Huntington’s disease

A young girl at Stanford is working on helping people suffering from Huntington’s disease


A young girl from Thailand, Oranicha “Natty” Jumreornvong, has won an early admission into the FlexMed program which is a part of the Icahn School of Medicine located in New York. Jumreornvong was offered this admission, when she was in her 1st year, and 2nd quarter, in Stanford. Natty will pass out from Stanford in 2017. This admission is only granted to those students, who have displayed a love for human rights.


Currently, Jumreornvong is working with people suffering, from Huntington’s disease.
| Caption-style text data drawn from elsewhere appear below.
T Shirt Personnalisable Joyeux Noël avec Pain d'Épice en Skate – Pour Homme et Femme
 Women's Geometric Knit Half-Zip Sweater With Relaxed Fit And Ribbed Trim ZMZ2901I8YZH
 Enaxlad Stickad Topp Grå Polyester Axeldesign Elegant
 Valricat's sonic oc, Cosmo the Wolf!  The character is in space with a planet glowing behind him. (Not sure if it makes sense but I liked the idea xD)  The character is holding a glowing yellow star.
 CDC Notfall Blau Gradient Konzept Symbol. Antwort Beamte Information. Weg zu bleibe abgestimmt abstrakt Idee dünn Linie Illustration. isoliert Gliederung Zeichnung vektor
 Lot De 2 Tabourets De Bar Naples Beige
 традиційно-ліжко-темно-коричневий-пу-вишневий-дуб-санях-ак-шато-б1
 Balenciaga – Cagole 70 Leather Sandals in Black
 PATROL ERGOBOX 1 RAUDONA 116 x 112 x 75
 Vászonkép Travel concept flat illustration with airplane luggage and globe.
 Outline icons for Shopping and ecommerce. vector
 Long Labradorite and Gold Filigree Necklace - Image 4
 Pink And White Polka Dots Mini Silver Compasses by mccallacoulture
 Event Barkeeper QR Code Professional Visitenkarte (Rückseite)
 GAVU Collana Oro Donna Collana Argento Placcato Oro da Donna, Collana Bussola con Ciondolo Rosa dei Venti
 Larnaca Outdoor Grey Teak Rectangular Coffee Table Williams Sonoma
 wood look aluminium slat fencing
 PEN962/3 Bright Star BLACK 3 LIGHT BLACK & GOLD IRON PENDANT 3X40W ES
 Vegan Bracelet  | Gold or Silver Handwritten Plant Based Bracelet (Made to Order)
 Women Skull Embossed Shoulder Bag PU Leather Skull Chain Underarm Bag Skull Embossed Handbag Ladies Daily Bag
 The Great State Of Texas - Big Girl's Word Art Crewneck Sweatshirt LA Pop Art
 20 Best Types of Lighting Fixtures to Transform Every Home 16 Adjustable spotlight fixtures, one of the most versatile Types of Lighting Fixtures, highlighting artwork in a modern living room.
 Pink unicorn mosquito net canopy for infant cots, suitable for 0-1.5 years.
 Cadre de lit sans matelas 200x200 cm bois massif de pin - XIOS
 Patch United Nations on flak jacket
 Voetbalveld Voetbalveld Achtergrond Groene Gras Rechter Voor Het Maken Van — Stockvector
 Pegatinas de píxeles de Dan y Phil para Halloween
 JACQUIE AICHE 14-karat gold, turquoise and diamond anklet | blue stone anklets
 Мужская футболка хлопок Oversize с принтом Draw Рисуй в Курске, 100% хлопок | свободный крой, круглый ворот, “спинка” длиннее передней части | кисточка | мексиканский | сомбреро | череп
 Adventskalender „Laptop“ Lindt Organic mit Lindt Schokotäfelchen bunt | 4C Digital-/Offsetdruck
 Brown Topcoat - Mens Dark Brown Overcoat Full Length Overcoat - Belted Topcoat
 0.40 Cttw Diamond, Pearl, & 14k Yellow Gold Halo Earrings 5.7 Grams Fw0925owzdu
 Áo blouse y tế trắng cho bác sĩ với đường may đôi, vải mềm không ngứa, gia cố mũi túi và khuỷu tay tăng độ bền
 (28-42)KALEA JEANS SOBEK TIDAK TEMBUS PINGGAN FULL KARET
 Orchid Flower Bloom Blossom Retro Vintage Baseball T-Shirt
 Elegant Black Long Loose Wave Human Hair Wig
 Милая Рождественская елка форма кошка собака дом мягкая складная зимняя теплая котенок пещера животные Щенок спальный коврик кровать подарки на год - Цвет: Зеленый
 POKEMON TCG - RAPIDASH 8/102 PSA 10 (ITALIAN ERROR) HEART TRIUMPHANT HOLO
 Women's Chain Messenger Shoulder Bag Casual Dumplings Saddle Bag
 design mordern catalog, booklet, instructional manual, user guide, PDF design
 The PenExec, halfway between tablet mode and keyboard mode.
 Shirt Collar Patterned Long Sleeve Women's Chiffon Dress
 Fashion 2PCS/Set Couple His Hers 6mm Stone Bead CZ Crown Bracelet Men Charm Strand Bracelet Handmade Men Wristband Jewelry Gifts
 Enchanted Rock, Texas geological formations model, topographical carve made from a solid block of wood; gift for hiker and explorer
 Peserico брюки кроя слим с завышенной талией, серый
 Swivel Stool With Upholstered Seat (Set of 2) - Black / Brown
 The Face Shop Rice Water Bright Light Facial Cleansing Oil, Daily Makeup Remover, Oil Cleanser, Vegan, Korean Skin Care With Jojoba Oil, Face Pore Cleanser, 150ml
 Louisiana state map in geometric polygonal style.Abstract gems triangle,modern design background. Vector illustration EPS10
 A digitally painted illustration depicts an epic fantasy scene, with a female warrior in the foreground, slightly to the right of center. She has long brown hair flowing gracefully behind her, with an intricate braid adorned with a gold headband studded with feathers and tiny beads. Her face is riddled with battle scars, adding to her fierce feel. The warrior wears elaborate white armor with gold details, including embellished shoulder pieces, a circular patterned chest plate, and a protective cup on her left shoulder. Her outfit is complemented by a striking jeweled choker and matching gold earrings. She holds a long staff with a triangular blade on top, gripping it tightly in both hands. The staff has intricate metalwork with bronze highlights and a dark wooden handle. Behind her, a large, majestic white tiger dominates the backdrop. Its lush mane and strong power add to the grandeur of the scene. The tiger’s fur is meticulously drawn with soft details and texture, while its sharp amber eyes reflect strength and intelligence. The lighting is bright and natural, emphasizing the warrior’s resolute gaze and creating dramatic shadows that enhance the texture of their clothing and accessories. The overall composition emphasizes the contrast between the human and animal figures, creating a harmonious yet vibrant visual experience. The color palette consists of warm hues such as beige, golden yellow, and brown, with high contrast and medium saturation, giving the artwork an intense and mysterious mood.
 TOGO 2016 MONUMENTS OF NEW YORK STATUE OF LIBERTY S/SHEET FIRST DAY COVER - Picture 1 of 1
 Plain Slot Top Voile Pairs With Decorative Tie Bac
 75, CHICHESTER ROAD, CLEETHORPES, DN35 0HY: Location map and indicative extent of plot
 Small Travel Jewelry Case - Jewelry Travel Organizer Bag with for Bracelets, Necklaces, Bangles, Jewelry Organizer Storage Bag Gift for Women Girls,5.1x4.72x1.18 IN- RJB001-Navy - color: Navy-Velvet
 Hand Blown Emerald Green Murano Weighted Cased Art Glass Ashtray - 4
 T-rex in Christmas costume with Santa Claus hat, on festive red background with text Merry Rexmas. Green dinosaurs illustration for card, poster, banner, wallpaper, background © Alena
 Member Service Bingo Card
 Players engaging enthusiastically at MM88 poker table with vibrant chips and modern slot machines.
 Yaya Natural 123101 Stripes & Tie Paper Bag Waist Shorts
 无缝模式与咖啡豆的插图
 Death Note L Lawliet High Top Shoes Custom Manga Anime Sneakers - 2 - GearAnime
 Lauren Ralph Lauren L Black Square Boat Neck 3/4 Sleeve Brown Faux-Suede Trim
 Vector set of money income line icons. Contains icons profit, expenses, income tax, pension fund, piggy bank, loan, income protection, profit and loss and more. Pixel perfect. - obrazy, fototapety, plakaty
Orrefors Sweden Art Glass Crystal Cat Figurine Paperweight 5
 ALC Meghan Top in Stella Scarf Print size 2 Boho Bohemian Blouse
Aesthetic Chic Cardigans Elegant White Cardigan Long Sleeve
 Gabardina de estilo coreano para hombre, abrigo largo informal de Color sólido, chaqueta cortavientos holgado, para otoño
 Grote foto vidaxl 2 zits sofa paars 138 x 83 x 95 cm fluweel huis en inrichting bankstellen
Speaking about her work, Jumreornvong said that, while working in Thailand with the patients of this disease, she found that, in Thailand, someone who was suffering from Huntington’s disease was thought to be possessed by an evil spirit and was hit by a shaman, to wipe off the demons of his disease.


She worked in Thailand, with the patients of this disease as a part of the, HOPES (Huntington’s Outreach Project for Education at Stanford). She has closely worked with 47 families who have members suffering from Huntington’s disease in Thailand and received the honorary Social Innovator award from Princess of Thailand in 2016. Jumreornvong has also advocated the provision of all facilities such as ramps to everybody, who suffers from any kind of disability. So, that’s why she is offering her advice on the “Disability Empowerment Act”.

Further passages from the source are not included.